「ほとんどの国では民間が運営」は間違い
麻生副総理の発言には数多くの誤りがふくまれているが、そのなかでも「水道というものは、世界中ほとんどの国ではプライベートの会社が水道を運営して」という発言は、とんでもない間違いだ。
民間の事業者が水道の供給に占める割合は、この会見のあった前年の二〇一二年の時点で全世界の一二%にすぎなかった。また、国単位でみたときに、民間水道が五〇%を超える国はイギリス、フランス、チェコ、チリ、アルメニアのみであった。
私は手元の資料を確かめながら、怒りとともに、この事実誤認について日本の友人に返信をしたのを覚えている。
では、なぜそのような嘘をつき(そうでなければ事実を誤認したままで)、日本の閣僚は、ワシントンのCSISで水道民営化構想をぶちあげたのだろうか。
かえって市民の金銭的負担が増えるだけ
ひとつには、CSISが新自由主義的改革を強力に推し進めるフロントランナーであるからだ。
一九八〇年代以降、公的債務のふくらんだイギリスとアメリカでは新自由主義の嵐が吹き荒れ、「官から民へ」のかけ声のもと、公共サービスの民営化が続いた。各国政府も、世界銀行などの国際機関も、そしてEU(欧州連合)も、こんなふうに考えるようになった。
公的セクターは非効率的で、運営コストが高い。民間でできることは民間に任せ、企業が得意とする効率化で経費を節減すれば、公的支出や新たな債務を抑えられる―─。

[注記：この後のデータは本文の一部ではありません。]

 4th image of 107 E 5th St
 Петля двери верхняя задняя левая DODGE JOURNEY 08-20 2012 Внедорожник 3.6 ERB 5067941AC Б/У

そして、彼らは、非営利が原則の公共サービス部門の運営に企業経営的な手法をもちこんだ。そのとき、キー・プレイヤーになるのが、民間の大企業だ。
しかし、公共サービスを民営化すればコスト削減になるというのは、間違いだ。民営化すれば、企業が利益をあげ続ける必要があるため、かえって市民の金銭的負担が増えるのだ。
また、民営化宣言がCSISで行われたのは、それ以上に問題だった。ことは単なる公共水道の民営化宣言などではない。
公共水道を外資系水メジャー(上下水道事業を行う国際的大企業)に売り渡すという、日本政府から世界に向けた対外公約に等しい。麻生副総理の発言を聞いて、新自由主義陣営やグローバル資本は小躍りして喜んだはずなのだ。